Not up to par

There's a lot of justifiable hand-wringing going on among those associated with golf that without Tiger Woods, the profile index of the PGA Tour will slip to something approximating that of pro bowling or curling.

As a result, there's talk among golf commentators about how the PGA needs to begin promoting other players so that there won't be such a huge drop in interest - especially in TV ratings - when Woods isn't playing. (A much-quoted Los Angeles Times article indicated that when Tiger played and was in contention, the ratings on CBS and NBC golf telecasts were up an average of 111 percent.)


The hard truth here is that pro golf has been flirting dangerously with something I can best describe as a general malaise in terms of spectator interest for a couple of decades and that the Tiger Phenomenon has simply masked that fragile condition.

The game's Golden Era featured its own Four Horsemen - Palmer, Nicklaus, Player and Trevino - who were also supported by an identifiable supporting cast of characters such as Billy Casper, Don January, Chi Chi Rodriguez, Orville Moody and Raymond Floyd earlier and the likes of Tom Watson, Ben Crenshaw and Greg Norman later.


Again, truth be told, I'll wager that golf enthusiasts and casual sports fans are more familiar with the names of players who were stars before 1990 than guys who have been winning on the PGA Tour since. That's why the Seniors Tour (now Champions Tour) was such a hit when it got rolling in the mid-1980s. Those guys might not have hit the ball as far as the younger players on the regular tour, but they had something else going for them - individual styles or engaging personalities, something fans could latch onto.

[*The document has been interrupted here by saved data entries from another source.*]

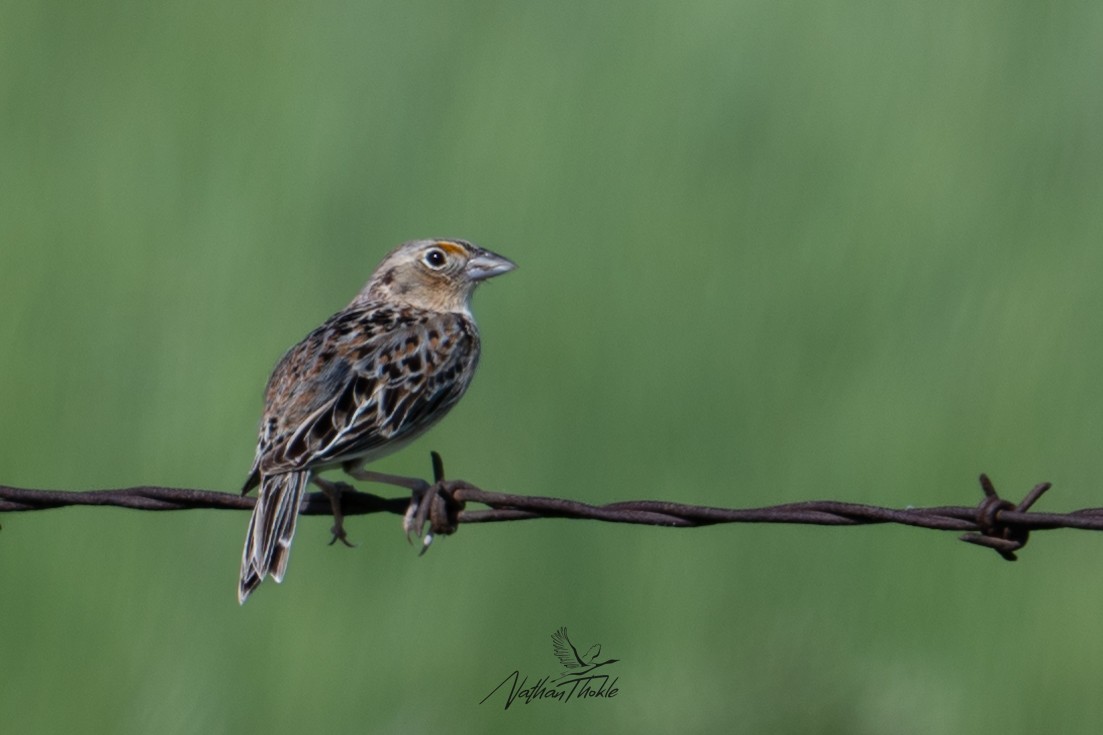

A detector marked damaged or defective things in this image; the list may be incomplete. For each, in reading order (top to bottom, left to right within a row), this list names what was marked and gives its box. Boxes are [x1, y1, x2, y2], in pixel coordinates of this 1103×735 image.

rusty barbed wire [2, 452, 1096, 560]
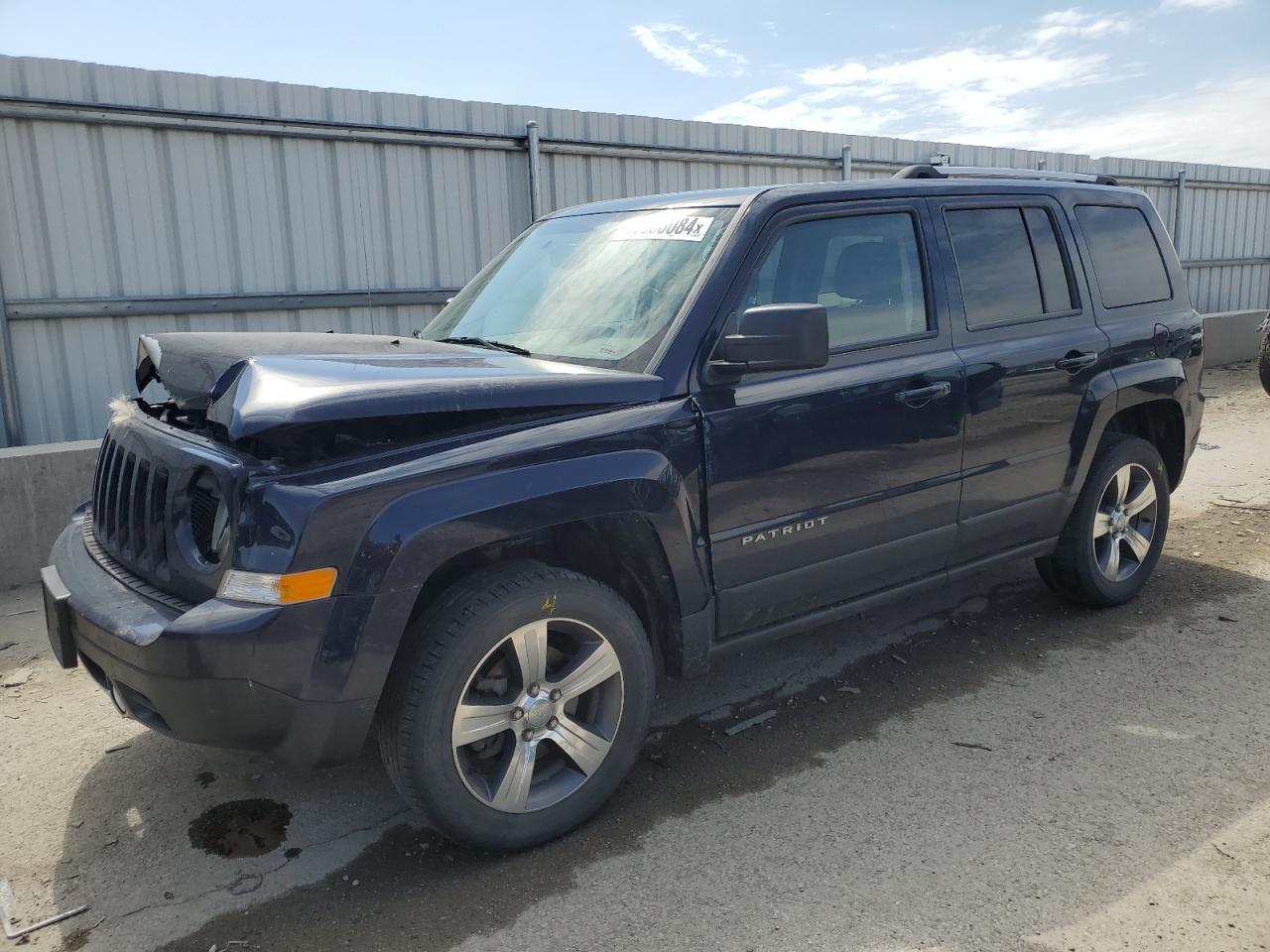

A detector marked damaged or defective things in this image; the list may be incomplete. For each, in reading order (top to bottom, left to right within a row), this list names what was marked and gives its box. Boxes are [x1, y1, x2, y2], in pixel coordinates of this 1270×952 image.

crumpled hood [137, 332, 665, 441]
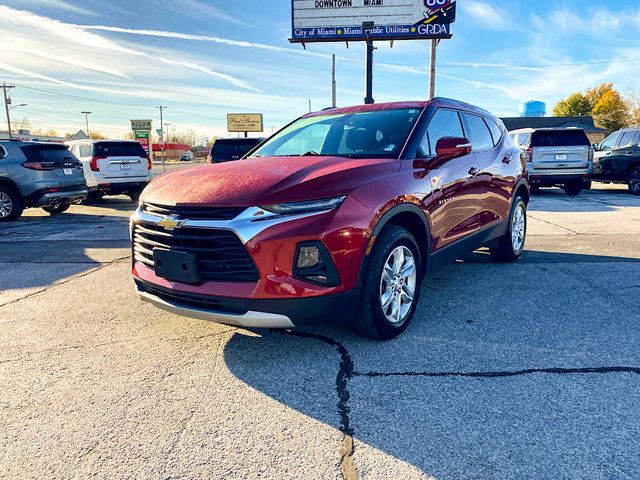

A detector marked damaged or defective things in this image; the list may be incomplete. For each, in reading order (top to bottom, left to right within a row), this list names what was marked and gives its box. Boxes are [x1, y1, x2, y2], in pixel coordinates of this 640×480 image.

crack in pavement [274, 330, 358, 480]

But then Tiger Woods came along in 1996, an All-American superstar who was simply Ruthian - huge drives off the tee, iron shots that bit and scurried to the pin, putts that snaked their way into the hole - and who has scooped up trophies (and dollars) by the armload. Also, Woods has been universal in his appeal, promoting traditional values of hard work and perseverance while also personifying stylish success in the 21st century.

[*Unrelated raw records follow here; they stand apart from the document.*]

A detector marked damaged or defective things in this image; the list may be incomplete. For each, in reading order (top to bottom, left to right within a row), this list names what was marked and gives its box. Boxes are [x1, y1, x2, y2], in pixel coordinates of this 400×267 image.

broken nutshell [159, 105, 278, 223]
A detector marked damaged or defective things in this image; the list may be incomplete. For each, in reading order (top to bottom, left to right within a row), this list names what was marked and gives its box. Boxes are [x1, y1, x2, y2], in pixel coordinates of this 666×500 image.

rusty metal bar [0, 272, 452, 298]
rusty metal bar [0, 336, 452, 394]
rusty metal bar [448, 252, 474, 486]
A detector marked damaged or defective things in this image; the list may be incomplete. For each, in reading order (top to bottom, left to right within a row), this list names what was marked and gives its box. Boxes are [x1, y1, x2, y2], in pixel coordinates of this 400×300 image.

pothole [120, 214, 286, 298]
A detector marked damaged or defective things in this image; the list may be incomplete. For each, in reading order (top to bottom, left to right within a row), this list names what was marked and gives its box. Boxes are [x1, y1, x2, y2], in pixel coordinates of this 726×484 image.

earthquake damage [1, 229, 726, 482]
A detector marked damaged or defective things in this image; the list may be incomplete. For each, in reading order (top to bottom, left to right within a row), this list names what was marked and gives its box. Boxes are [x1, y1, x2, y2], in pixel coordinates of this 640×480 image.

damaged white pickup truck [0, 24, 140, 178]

And golf has shamelessly ridden his coattails for more than a decade.

Certainly there are many current pro golfers who are skilled and articulate and just plain good guys. But there have not been enough like the late Payne Stewart who have the charisma to fire up a fan base as does the captivating Tiger Woods. The world's No. 2, Phil Mickelson - for all his 34 Tour wins and three majors, including two Green Jackets - is best known as Woods' most likely foil in any tournament in which the two play.

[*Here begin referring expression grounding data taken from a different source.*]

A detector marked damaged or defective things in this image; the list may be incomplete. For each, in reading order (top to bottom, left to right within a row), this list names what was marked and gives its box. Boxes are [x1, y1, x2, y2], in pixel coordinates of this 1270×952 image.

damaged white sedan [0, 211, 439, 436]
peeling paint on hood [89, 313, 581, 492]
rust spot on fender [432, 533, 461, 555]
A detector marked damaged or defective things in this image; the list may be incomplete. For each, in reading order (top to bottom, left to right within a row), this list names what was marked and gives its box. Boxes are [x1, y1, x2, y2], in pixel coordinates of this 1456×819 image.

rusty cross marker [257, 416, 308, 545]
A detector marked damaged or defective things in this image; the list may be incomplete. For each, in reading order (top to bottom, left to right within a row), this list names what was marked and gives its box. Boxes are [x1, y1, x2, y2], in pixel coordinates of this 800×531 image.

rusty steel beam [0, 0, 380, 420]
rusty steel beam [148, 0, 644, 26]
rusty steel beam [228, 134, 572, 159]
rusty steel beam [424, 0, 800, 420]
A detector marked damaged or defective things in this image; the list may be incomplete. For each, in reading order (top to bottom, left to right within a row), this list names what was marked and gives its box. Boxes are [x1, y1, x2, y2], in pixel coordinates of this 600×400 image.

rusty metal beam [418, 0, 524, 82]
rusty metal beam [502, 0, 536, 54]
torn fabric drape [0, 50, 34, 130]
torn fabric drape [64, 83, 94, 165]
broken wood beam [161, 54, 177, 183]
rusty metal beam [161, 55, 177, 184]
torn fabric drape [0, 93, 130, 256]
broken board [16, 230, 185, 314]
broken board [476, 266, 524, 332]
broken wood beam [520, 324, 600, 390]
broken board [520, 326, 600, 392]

Last weekend, a journeyman named Rocco Mediate came out of nowhere and charmed a national television audience in what was truly a sports happening. Years from now, people will be able to tell you where they were when they watched that U.S. Open playoff.

Mediate's easygoing, wisecracking everyman reminded me of Lee Trevino, the kind of pro golfer that a public course duffer could identify with. But Trevino's enduring popularity was built on his considerable achievements that came as part of the total package along with his immense likability. Mediate would need to add some victories to his resume to approach Trevino status and help golf's star-power crisis in the absence of Tiger.

I don't know what the answer is for pro golf. If there is a popularity problem for the game with Tiger missing from the scene - and there absolutely is - it's really a deeper underlying problem that has been out there for a while. And that special magic appeal, be it charisma or dramatic tension, isn't something you can deliberately concoct. It just happens - as it did just a few days ago at the U.S. Open.